::: Given records
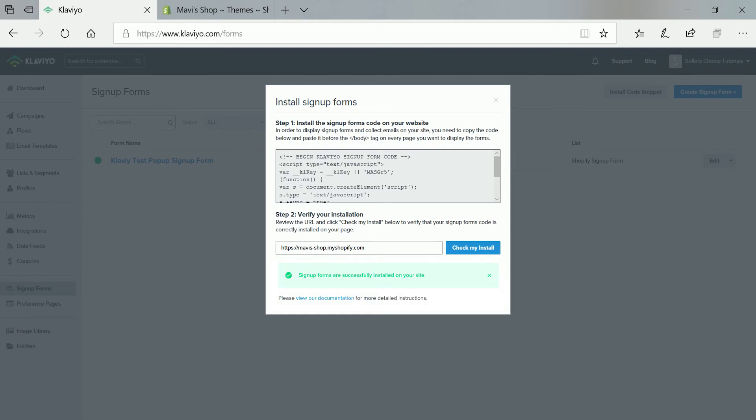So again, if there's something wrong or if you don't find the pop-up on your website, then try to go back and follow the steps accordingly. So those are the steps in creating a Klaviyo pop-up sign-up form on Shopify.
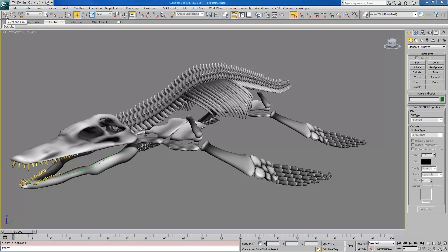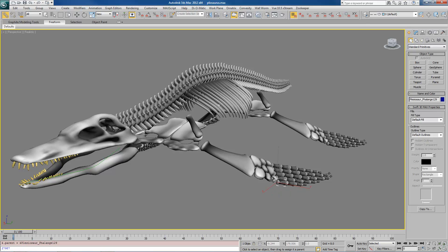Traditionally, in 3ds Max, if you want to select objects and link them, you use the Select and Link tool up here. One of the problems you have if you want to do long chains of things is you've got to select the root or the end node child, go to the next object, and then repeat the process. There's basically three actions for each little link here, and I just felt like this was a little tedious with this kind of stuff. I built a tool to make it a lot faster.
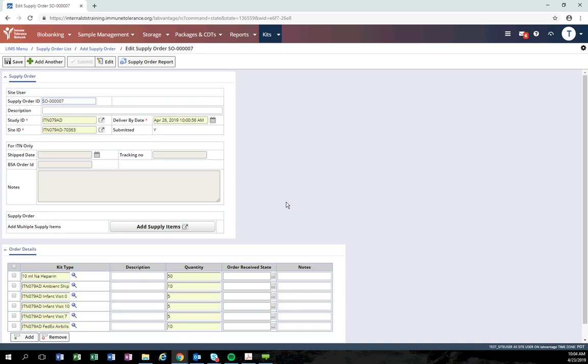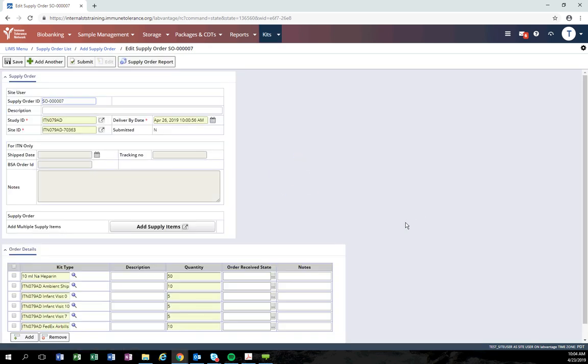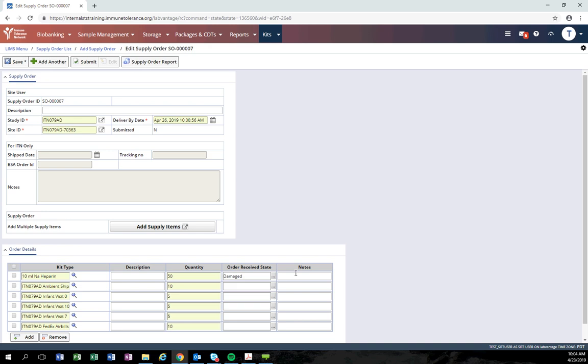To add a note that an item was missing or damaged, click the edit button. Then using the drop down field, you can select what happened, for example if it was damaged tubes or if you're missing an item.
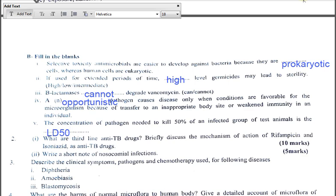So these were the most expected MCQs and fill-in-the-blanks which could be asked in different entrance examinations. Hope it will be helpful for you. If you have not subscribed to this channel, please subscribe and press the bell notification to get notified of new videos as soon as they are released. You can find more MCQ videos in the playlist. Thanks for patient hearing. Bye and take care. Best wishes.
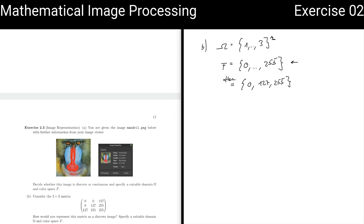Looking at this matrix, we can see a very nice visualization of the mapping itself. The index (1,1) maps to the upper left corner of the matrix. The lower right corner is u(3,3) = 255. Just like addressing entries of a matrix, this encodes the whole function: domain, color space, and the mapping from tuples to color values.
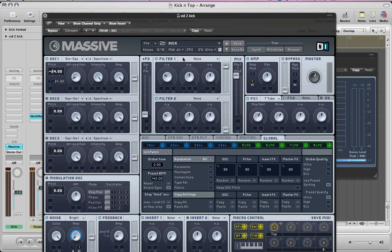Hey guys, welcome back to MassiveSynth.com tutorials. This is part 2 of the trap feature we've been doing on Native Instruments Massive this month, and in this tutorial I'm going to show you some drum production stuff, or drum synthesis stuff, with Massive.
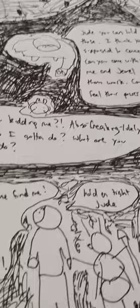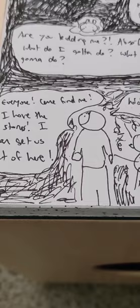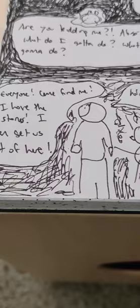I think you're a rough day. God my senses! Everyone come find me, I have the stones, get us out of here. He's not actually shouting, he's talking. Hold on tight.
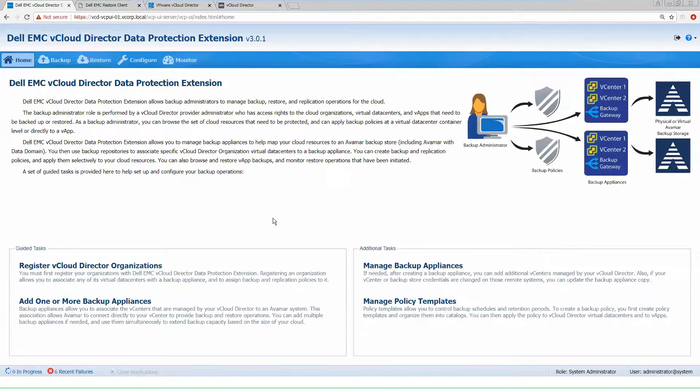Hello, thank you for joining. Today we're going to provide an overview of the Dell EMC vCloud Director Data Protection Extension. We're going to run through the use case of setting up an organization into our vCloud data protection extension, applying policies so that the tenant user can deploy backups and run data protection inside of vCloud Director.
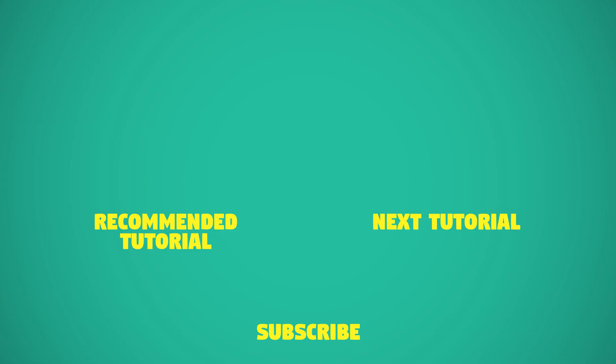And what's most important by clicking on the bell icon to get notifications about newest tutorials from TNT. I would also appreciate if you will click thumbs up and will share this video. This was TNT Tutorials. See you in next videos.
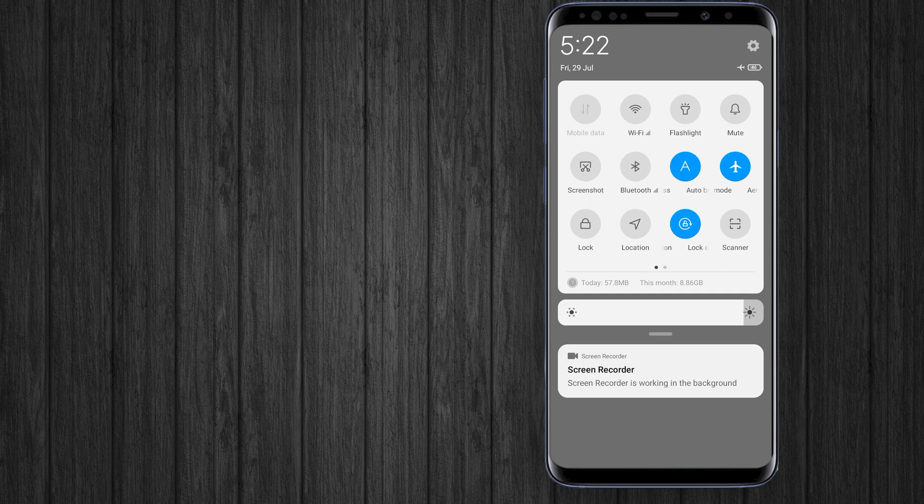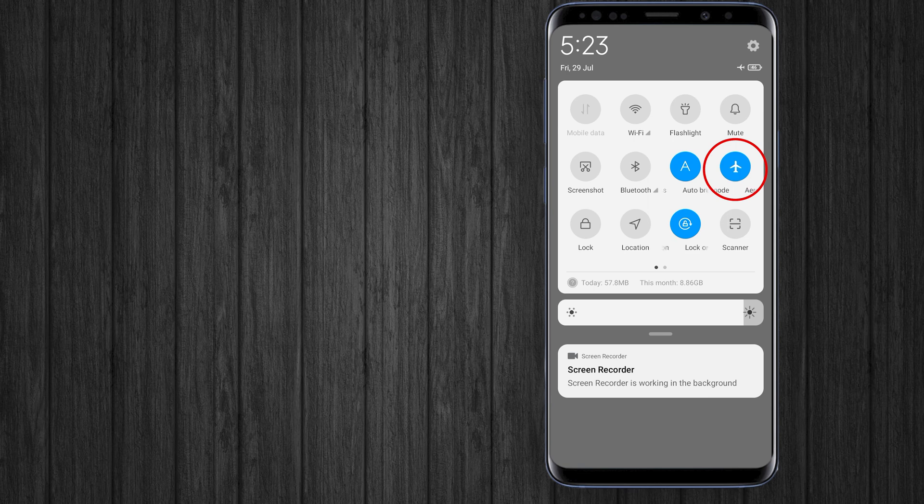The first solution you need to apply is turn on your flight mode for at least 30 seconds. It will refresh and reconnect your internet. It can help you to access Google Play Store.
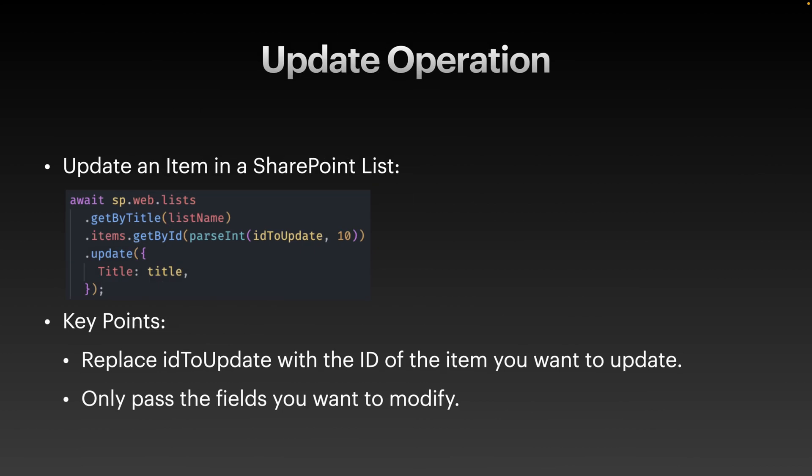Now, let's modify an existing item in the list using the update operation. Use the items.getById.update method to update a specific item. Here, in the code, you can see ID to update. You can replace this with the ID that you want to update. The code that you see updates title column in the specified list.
::::::
::: Given records
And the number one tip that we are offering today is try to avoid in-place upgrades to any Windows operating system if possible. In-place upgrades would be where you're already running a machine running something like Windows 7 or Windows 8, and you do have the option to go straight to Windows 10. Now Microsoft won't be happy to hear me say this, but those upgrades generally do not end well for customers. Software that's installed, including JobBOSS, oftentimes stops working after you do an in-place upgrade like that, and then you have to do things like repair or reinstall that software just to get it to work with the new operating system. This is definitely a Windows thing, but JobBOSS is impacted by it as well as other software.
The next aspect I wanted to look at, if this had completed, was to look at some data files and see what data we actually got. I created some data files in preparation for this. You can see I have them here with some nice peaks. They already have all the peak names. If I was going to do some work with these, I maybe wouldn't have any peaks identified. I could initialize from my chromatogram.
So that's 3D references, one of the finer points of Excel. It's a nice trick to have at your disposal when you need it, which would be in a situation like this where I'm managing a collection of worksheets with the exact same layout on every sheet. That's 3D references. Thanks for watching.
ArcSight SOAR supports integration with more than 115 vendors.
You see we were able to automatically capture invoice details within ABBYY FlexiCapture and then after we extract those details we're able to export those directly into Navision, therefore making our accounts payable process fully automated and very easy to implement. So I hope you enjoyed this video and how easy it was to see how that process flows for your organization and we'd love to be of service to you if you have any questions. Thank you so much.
::::::
::: Given records
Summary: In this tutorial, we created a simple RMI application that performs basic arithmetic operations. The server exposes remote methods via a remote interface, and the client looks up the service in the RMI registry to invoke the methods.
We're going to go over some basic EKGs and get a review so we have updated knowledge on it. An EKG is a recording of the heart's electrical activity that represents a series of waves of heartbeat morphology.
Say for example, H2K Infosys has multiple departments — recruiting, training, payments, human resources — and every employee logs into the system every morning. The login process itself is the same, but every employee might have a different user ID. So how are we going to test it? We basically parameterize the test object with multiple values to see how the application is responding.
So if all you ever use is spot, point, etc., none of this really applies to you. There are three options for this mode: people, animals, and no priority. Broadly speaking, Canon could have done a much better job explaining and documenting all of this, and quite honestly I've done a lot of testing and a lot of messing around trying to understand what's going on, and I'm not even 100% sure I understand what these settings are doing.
::::::
- **Problem statement**
Once the line with "Traditionally, in 3ds" is found above, transcribe each line from it through the line with "So these were", exactly, and omit the pictures.

- **Result of this task**
Traditionally, in 3ds Max, if you want to select objects and link them, you use the Select and Link tool up here. One of the problems you have if you want to do long chains of things is you've got to select the root or the end node child, go to the next object, and then repeat the process. There's basically three actions for each little link here, and I just felt like this was a little tedious with this kind of stuff. I built a tool to make it a lot faster.
To add a note that an item was missing or damaged, click the edit button. Then using the drop down field, you can select what happened, for example if it was damaged tubes or if you're missing an item.
So these were the most expected MCQs and fill-in-the-blanks which could be asked in different entrance examinations. Hope it will be helpful for you. If you have not subscribed to this channel, please subscribe and press the bell notification to get notified of new videos as soon as they are released. You can find more MCQ videos in the playlist. Thanks for patient hearing. Bye and take care. Best wishes.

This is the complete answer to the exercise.